Said kid is Brandon (Jackson A. Dunn), a nice boy given to giving startlingly complete answers in class and to obsessively doodling a particular symbol in his notebooks. He is the apple of both parents’ eyes, and they of his, with a playful relationship of obvious mutual respect. Alas, as his 12th birthday arrives, the travails of adolescence, apparently a universe-wide phenomenon, kick in. Suddenly there is talking back with ominous hostility. There is a distinctly unsettling cast to Brandon’s awakening interest in the opposite sex. Chores become exercises in frustration when implements sputter. Bad enough with human children, but with Brandon, there is super-human strength with which to contend that makes the experience not just taxing, but acutely dangerous. Now all this would be interesting, even fun, except that with Dunn there is little difference in affect between his Brandon’s sweet self, moody tween, and the sleepwalker inexplicably drawn to that glowing thing locked up in the off-limits barn. That his chosen super-villain costume consists of the tattered remains of his interstellar baby blanket roughly fashioned into cape and balaclava further fail to imbue Brandon with the necessary menace, glowing red eyes notwithstanding.

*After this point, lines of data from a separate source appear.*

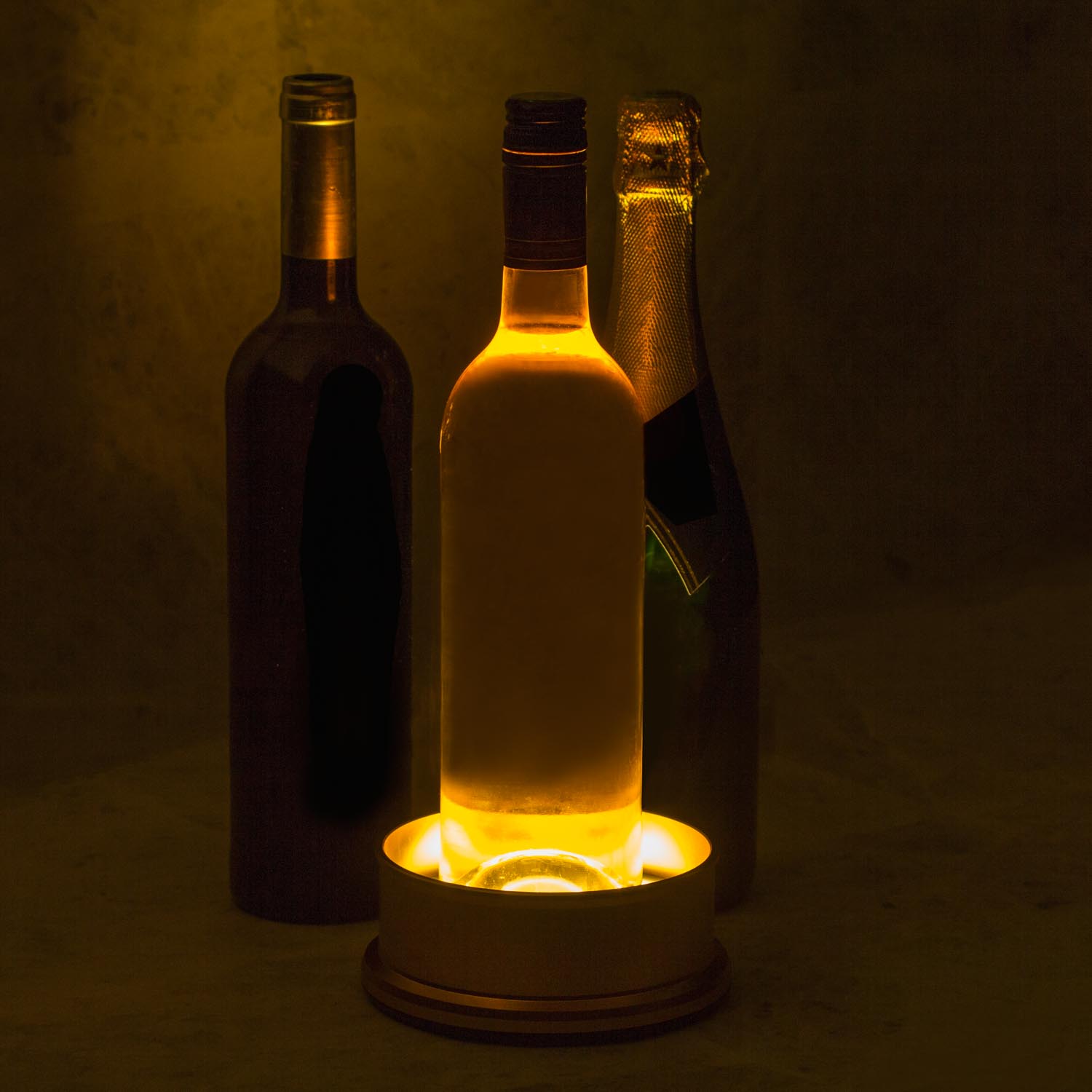 Design Flaschen - Untersetzer (mit LED Beleuchtung) - Thumbs Up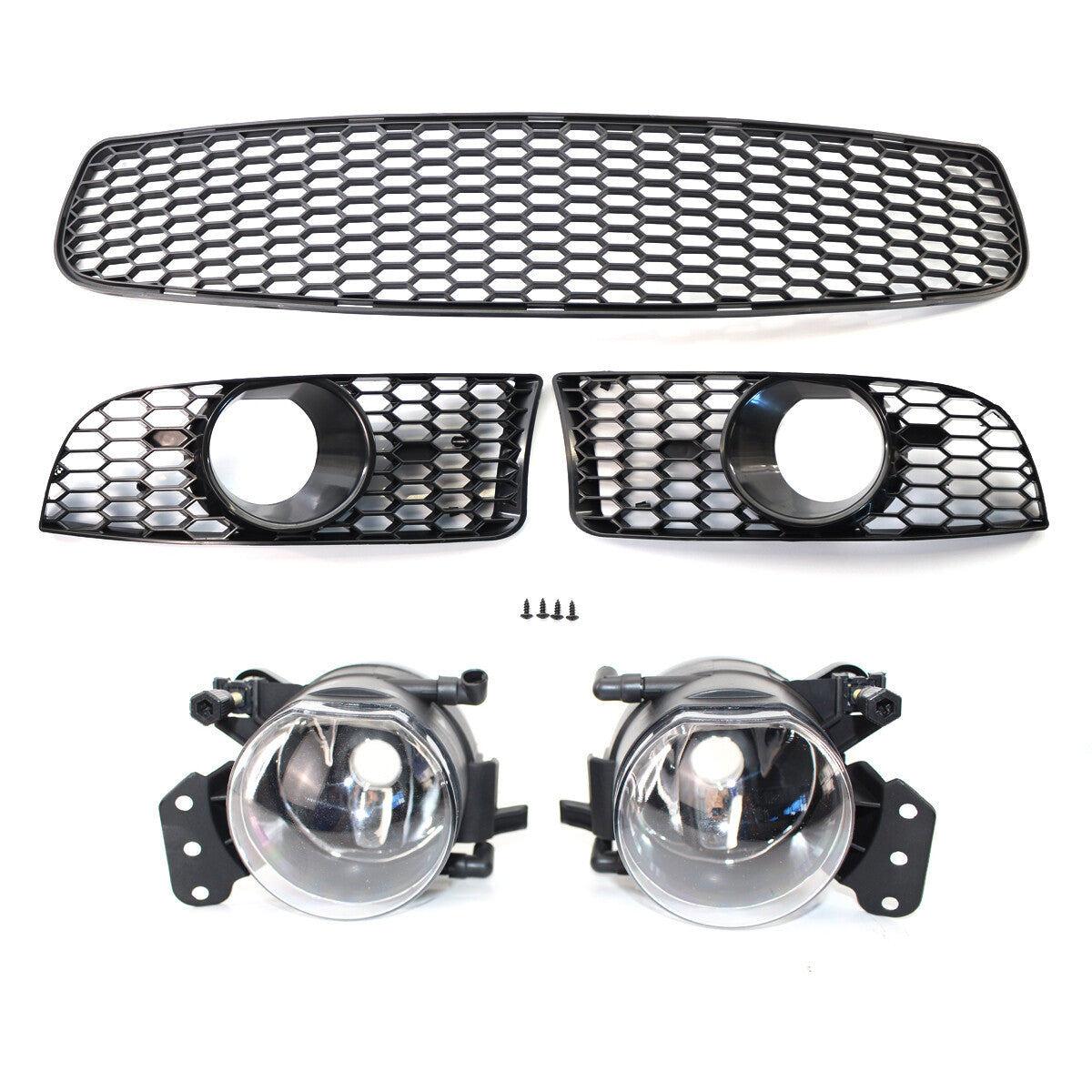 Front bumper fog light grille cover for BMW E90 3 Series 2009 - 2011 M3 style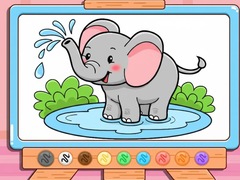 เกม Coloring Book: Cute Baby Elephant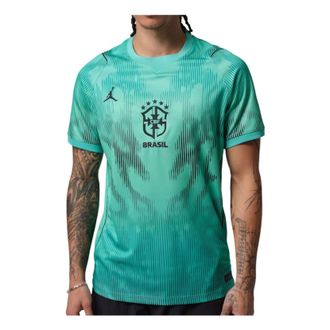 Nike Jordan Air Jordan Brazil 2026 Stadium Goalkeeper Replica Jersey Light Menta Black IQ3335-369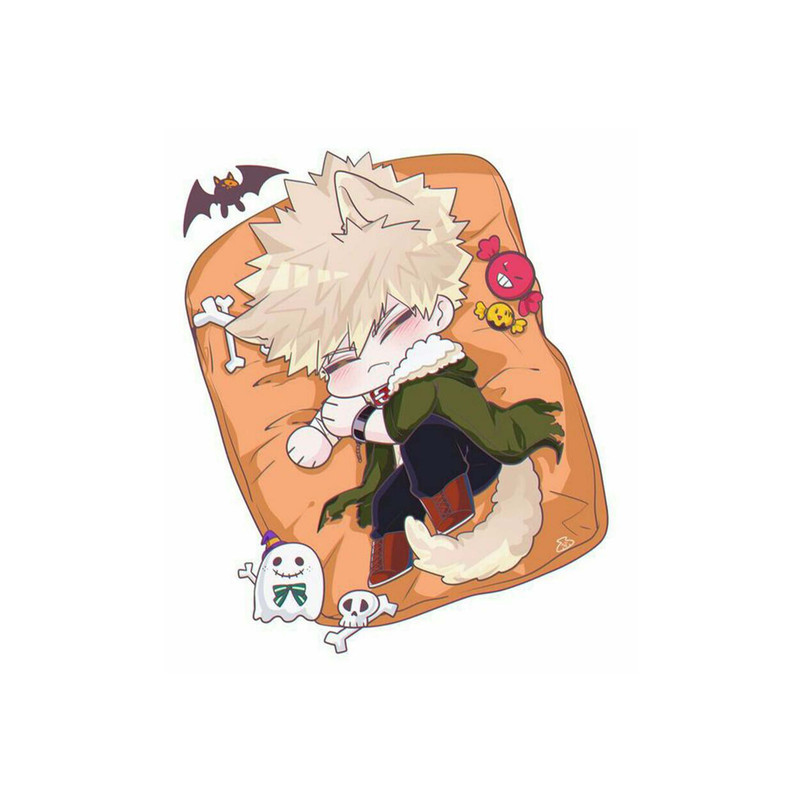 استیکر لپ تاپ و موبایل مدل انیمه طرح مدرسه قهرمانانه من کاتسوکی باکوگو My Hero Academia Katsuki Bakugo کد 3626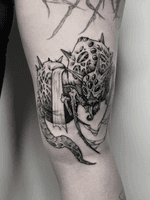 Biomechanical Creature Tattoo
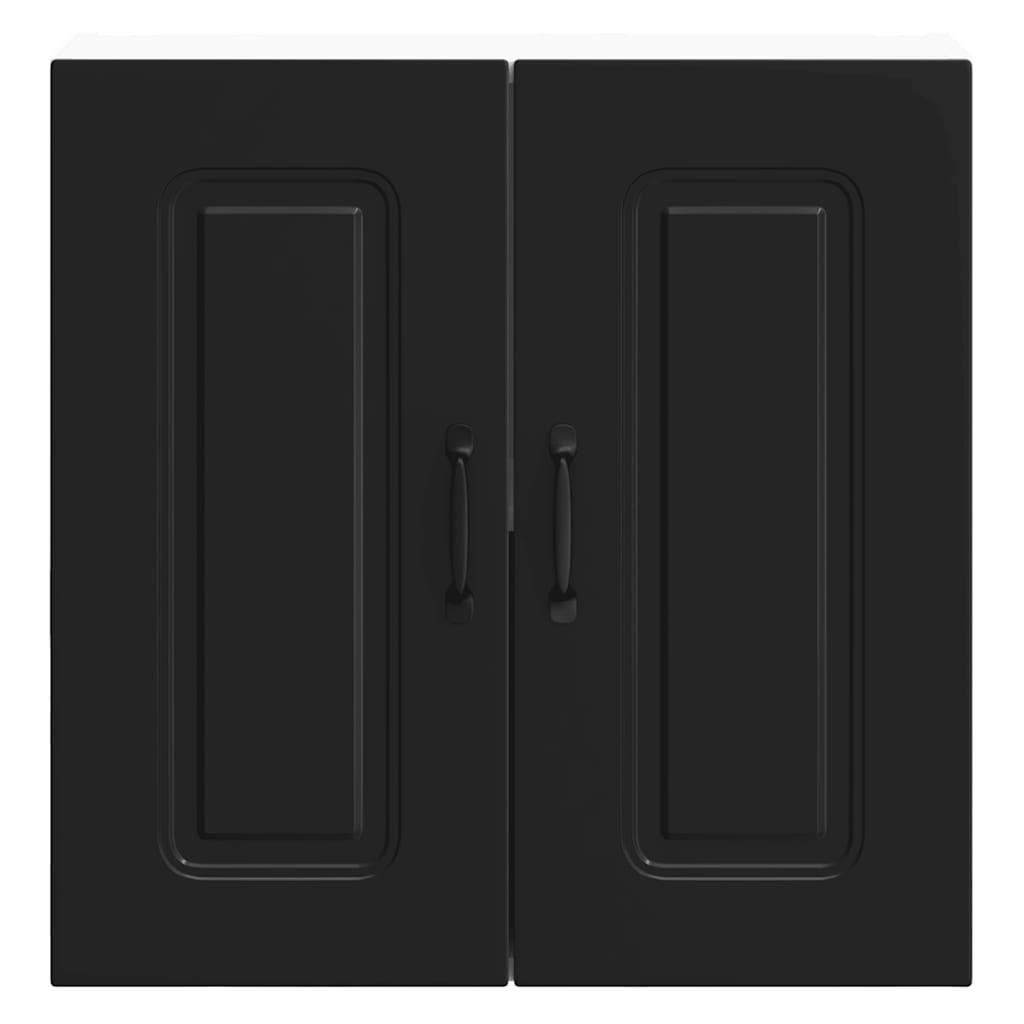 Küchen-Hängeschrank Kalmar Schwarz Holzwerkstoff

Sure, there are clever parallels drawn between the strains put on any family dealing with adolescent angst. The cracks in the heretofore solid relationship between mom and dad as Brandon’s behavior becomes more and more difficult to dismiss as normal. The struggle for the boy himself to try to be good versus the gratification of getting even. In the hands of a better director with a more subtle script, something noteworthy might have emerged. Instead, it’s a 20-minute story stretched to feature-length with tedious swaths that may have been intended as suspense, but instead feel like so much padding to increase the running time. Brandon stalking chipper Aunt Merilee (Meredith Hagner), who is also his school counselor, when she threatens to go to the sheriff about Brandon’s lack of remorse over the injury he caused a cute classmate devolves into flickering lights that are less squirm-inducing than irritating in its monotony. Watching someone dig a shard of glass out of an eye becomes a gratuitously gory exploration of ocular anatomy rather than something unsettling, while the use of a red filter to simulate the vision of the injured eye comes across as simply cheesy.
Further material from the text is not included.